Je suis très critique du document du Gouvernement parce que je n’y reconnais pas une Charte. Mon opinion pèse bien peu dans la balance, je me contente de commenter un projet qui est sur la table. Actuellement, l’allure prise par le débat dans notre société m’inquiète. Le premier sondage publié est désastreux. Tu sais la confiance que j’accorde aux sondages, aucune, sinon la veille des élections; mais il y a bien d’autres signes qui démontrent plus qu’un malaise avec le document pondu par le ministre. La pétition à laquelle tu fais référence est un des nombreux symptômes. Je ne tiens pas à me lancer dans un débat de portée de charte actuellement. Le document ministériel nous renseigne assez bien par lui-même sur ce qu’en pense le ministre.
Le document proclame la laïcité comme valeur de l’État québécois.
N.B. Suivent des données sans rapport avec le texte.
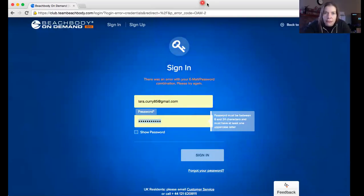I'm going to stop sharing my screen while I type my password in. Sorry about that — I don't even know what my password is!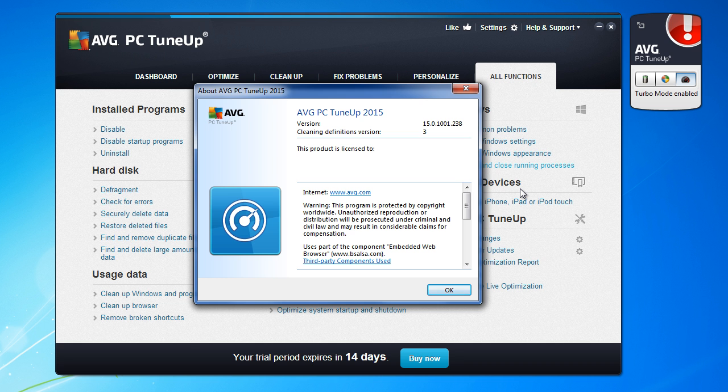You have download link in the video description from our website to freely download this software and to try it in this trial period. Do it.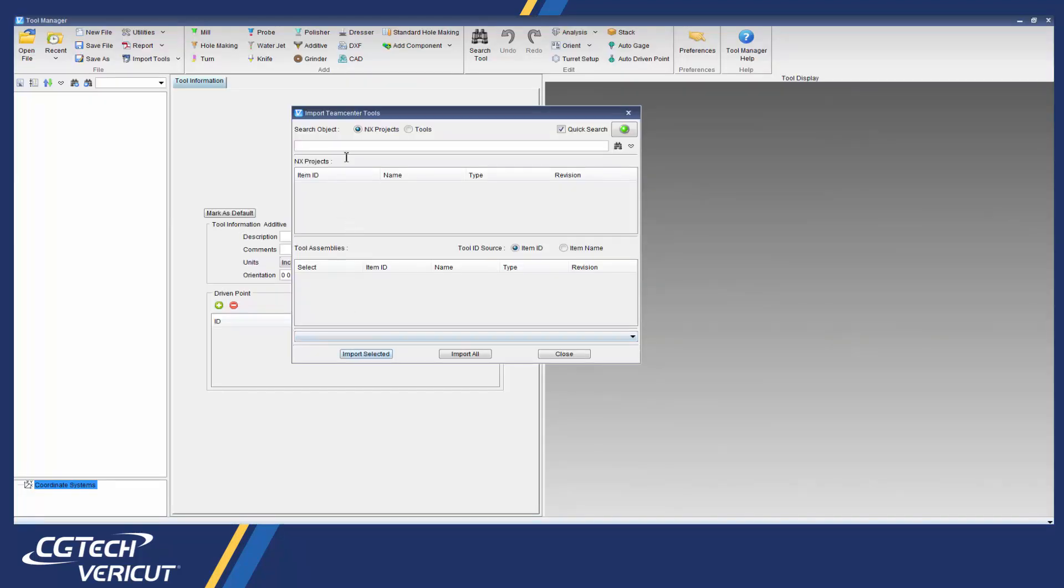Here we have the Teamcenter interface. The fields allow for searching of an NX CAM project or individual tool assemblies.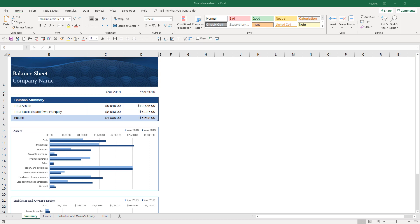Hey what's going on guys, in this video I'm going to show you how to create an audit trail functionality in Excel. Before we begin I just want to mention that this is going to be a more advanced Excel tutorial.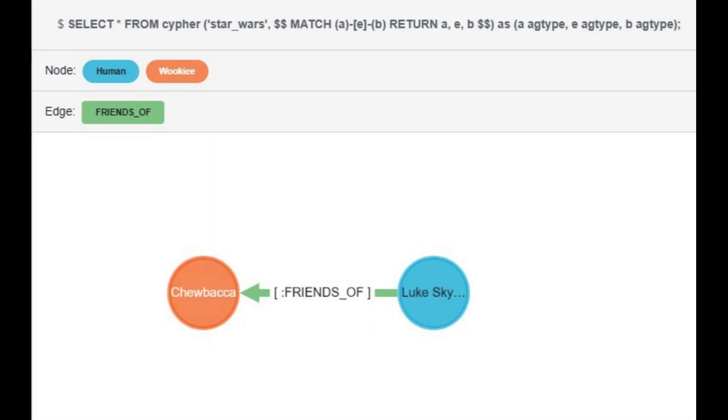Now here is our final result when querying for all nodes and edges in AG Viewer.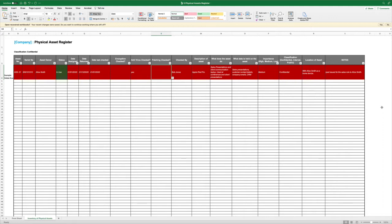We're looking at anything like remote storage devices, anything that can store, process or transmit data. What we're not looking at or overly concerned with are assets like monitors, keyboards, mice, desks.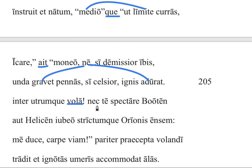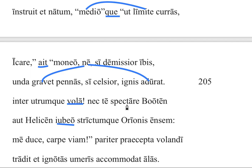Then we see 'nec' here, so he's going to tell him not to do something again, and this time he uses 'iubeo.' 'I order you not to spectare' — remember, iubeo takes an infinitive, not a subjunctive clause. It's the same idea: I warn you not to do this, but iubeo takes an infinitive instead of the subjunctive. So, I order you not to look at Bootes, a constellation — here's the Greek accusative again — or Helike, which is the Great Bear, and the unsheathed sword of Orion.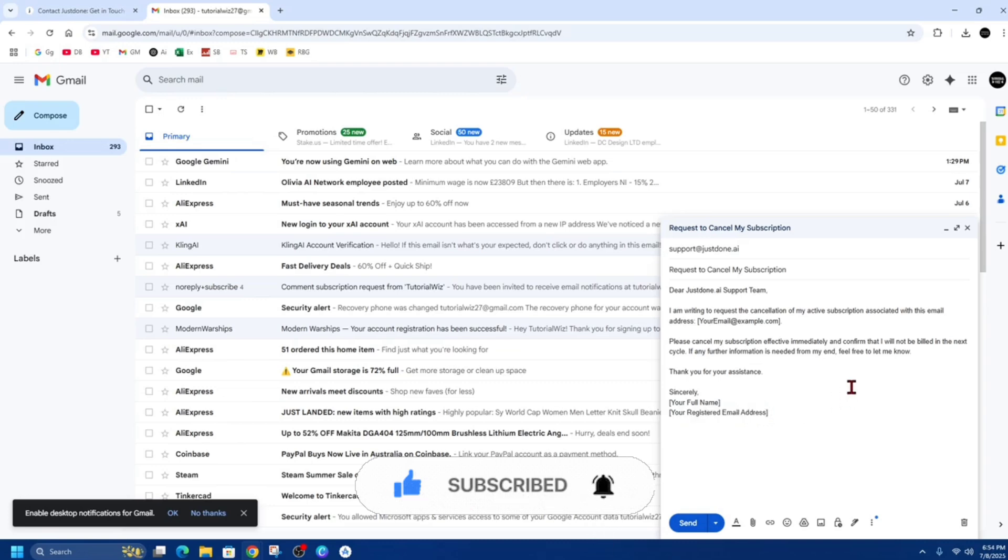And they should get back to you within 24 to 48 hours to help cancel your subscription from JustDone AI.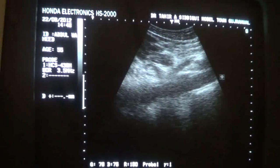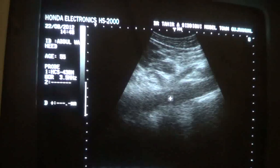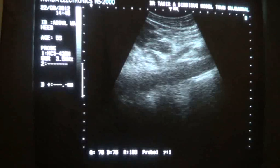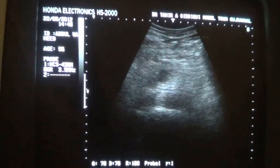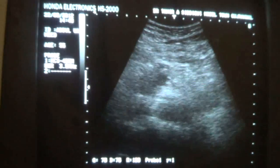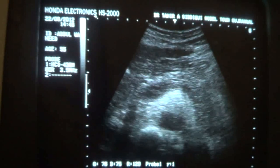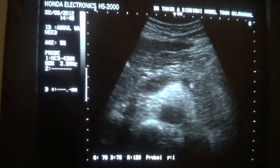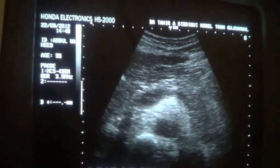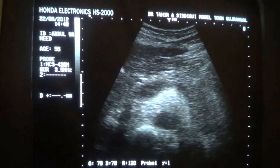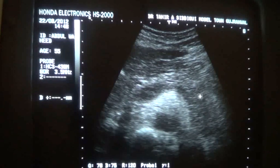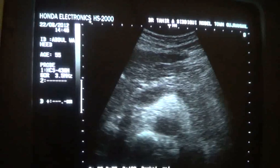This is the aorta. This is the superior mesenteric artery. This is the celiac axis arising from it. Now this is the pancreas. The landmark of the pancreas, as we know, is the splenic vein. This is the splenic vein. This is the pancreas. This is the pancreatic duct. This is the aorta and superior mesenteric vein. This is the tail of the pancreas and the body of the pancreas.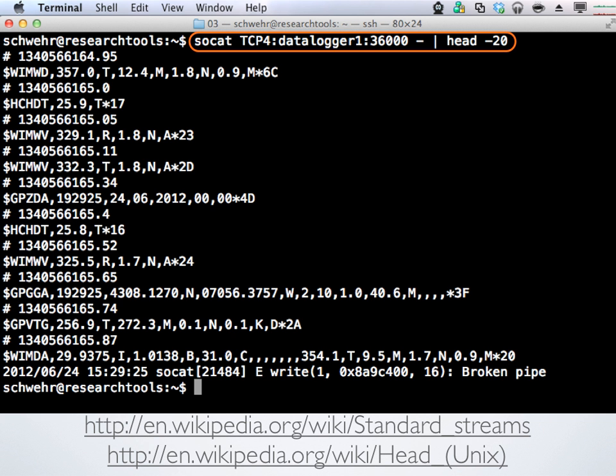I'll type: socat TCP4:datalogger1 — this is our computer that handles logging data inside of CCOM — on port 36000. The dash says put to standard out; these are conventions you'll learn. And pipe to head. It connected up to the server and showed us some data.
Soit. Dans ce contexte, que vient faire le crucifix à l’Assemblée nationale ? L’explication alambiquée qu’on nous sert me ferait bien rire si ce débat n’était aussi sérieux. Et la longueur des symboles religieux tolérés par un état laïc, c’est quoi ça? Tu sais que j’ai toujours rêvé de terminer ma carrière comme Commissaire aux cimetières de guerre du Canada. Ça fait faire de beaux voyages, et les clients sont calmes. Mais au lieu de ça, j’accepterais un poste de Commissaire à la mesure de la longueur des croix, croissants et autres symboles religieux montés en bijoux, qui sont permis s’ils sont assez petits. Je voyagerais partout au Québec, et je ne verrais que des clientes coquettes. On n’est pas laïc jusqu’à un certain point au Québec, on l’est à partir d’une certaine longueur. Tu es d’accord avec ça ?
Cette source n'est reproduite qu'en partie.